【Responsibilities】
- Design, develop, document, and test advanced data systems that bring together data from disparate sources, making it available to data scientists, analysts, and other users using scripting and/or programming languages (Python, Java, etc)
- Design, develop, implement and scale data processing pipelines and data schemas according to business needs.
- Write and refine code to ensure performance and reliability of extracting data from multiple sources, integrating disparate data into a common data model, and integrate data into a target database, application, or file using efficient programming processes.; debug data pipeline and ensure the timely delivery of application;
- Manage deployment/data migration of the platform on public clouds and private clouds.
- Evaluate structured and unstructured datasets utilizing statistics, data mining, and predictive analytics to gain additional business insights.

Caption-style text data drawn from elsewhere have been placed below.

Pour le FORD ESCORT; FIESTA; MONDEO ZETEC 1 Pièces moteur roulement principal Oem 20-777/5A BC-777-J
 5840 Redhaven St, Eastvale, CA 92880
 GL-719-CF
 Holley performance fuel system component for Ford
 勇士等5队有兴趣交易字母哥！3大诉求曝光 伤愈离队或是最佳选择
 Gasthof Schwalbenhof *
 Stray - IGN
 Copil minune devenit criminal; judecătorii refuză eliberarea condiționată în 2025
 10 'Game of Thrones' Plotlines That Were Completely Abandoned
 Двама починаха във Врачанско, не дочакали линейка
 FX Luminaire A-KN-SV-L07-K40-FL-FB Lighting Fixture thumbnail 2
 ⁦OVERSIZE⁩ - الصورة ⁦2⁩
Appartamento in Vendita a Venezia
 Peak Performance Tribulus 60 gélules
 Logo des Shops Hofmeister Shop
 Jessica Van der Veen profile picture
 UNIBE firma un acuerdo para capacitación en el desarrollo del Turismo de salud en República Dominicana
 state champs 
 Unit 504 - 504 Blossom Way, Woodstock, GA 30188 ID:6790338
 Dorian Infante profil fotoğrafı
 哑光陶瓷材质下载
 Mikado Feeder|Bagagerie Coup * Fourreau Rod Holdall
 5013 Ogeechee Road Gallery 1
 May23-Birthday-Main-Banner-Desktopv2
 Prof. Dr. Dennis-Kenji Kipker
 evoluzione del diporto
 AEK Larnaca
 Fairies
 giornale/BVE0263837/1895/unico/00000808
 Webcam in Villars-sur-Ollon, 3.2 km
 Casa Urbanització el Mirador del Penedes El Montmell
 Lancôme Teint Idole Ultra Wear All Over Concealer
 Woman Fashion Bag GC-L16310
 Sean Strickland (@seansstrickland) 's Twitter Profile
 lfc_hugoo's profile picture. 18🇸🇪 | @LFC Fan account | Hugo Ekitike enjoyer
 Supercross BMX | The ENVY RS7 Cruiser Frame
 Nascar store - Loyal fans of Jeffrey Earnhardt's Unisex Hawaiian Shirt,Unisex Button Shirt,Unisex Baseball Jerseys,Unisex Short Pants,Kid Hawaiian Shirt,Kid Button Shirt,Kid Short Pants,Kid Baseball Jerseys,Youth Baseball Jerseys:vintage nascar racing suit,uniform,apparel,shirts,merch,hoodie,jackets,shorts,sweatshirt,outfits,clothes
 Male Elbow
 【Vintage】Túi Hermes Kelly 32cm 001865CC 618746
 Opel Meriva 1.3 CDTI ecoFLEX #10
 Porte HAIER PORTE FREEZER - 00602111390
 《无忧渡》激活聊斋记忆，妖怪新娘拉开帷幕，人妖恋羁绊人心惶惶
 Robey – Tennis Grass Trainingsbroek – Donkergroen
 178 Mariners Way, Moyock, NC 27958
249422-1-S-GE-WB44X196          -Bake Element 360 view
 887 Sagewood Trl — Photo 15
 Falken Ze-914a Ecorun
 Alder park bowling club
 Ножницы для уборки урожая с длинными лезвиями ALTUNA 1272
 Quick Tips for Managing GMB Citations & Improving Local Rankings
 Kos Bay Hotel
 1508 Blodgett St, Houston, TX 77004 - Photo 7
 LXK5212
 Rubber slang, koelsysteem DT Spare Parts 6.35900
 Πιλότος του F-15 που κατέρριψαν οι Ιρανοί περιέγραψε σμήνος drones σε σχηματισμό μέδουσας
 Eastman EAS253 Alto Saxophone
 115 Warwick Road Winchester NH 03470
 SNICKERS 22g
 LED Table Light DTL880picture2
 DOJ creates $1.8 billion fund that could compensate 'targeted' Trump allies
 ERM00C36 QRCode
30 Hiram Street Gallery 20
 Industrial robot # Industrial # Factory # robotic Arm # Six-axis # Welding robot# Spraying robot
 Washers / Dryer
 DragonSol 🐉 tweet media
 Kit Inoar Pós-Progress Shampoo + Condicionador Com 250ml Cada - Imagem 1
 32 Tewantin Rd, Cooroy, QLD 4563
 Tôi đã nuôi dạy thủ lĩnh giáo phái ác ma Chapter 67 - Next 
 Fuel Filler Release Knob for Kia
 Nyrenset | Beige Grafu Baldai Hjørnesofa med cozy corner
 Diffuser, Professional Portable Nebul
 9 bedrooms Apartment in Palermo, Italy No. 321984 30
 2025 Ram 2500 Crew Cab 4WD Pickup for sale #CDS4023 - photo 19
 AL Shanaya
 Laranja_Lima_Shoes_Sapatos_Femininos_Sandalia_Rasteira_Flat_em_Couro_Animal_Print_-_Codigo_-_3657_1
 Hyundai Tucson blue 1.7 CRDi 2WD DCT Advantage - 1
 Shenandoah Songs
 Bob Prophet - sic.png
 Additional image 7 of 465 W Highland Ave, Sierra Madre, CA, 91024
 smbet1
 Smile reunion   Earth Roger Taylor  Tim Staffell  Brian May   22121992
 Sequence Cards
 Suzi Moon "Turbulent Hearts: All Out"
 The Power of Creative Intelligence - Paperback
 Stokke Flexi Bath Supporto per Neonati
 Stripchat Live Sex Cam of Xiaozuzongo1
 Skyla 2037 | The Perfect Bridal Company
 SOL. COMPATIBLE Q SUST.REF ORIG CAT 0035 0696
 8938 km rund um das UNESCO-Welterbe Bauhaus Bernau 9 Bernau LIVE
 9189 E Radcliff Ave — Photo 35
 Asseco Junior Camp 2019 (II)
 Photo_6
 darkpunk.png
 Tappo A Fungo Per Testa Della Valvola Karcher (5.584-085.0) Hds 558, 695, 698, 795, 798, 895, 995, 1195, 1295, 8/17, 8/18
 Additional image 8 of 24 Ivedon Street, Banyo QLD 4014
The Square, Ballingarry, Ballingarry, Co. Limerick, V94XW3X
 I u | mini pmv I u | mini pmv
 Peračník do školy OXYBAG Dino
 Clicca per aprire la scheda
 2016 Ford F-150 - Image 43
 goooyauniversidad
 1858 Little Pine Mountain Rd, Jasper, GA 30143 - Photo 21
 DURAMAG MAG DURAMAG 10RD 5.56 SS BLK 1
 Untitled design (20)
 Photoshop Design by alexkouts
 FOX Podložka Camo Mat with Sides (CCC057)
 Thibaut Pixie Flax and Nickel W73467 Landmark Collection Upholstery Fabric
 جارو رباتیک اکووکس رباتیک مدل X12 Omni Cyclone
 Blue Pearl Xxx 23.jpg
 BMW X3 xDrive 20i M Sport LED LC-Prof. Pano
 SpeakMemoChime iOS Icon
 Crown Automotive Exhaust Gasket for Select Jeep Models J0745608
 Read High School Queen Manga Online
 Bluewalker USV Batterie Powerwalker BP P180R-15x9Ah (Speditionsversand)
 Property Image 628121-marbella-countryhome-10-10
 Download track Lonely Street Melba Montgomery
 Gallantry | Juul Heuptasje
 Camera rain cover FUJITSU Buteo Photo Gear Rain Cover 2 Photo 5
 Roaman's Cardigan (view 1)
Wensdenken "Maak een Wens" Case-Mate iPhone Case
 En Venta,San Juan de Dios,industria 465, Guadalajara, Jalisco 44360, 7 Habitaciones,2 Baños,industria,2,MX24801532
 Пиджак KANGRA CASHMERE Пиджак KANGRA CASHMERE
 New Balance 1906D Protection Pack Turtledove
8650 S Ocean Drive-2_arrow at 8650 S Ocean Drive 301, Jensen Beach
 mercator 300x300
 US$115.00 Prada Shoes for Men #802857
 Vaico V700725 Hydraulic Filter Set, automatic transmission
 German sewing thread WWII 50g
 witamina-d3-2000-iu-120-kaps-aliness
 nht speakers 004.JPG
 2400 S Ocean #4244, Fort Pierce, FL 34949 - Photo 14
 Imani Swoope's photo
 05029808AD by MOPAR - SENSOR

- Independently initiates and drives projects; communicate data warehouse plans to internal stakeholders.
- Recommend process improvements to increase efficiency and reliability in ETL development.
- Constantly updates knowledge by tracking and understanding emerging data pipeline practices and solutions.
【Our Ideal Candidate】
o Bachelor's degree in Computer Science, Information Management or related field.
o 5+ years hands-on experience in the data warehouse space, custom ETL design, implementation and maintenance.
o 3years of experience building and operating large scale distributed systems or applications
o Experience in SQL or similar languages and development experience in at least one scripting language (Python preferred).
o Strong data architecture, data modeling, schema design and effective project management skills.
o Experience with large data sets and data profiling techniques.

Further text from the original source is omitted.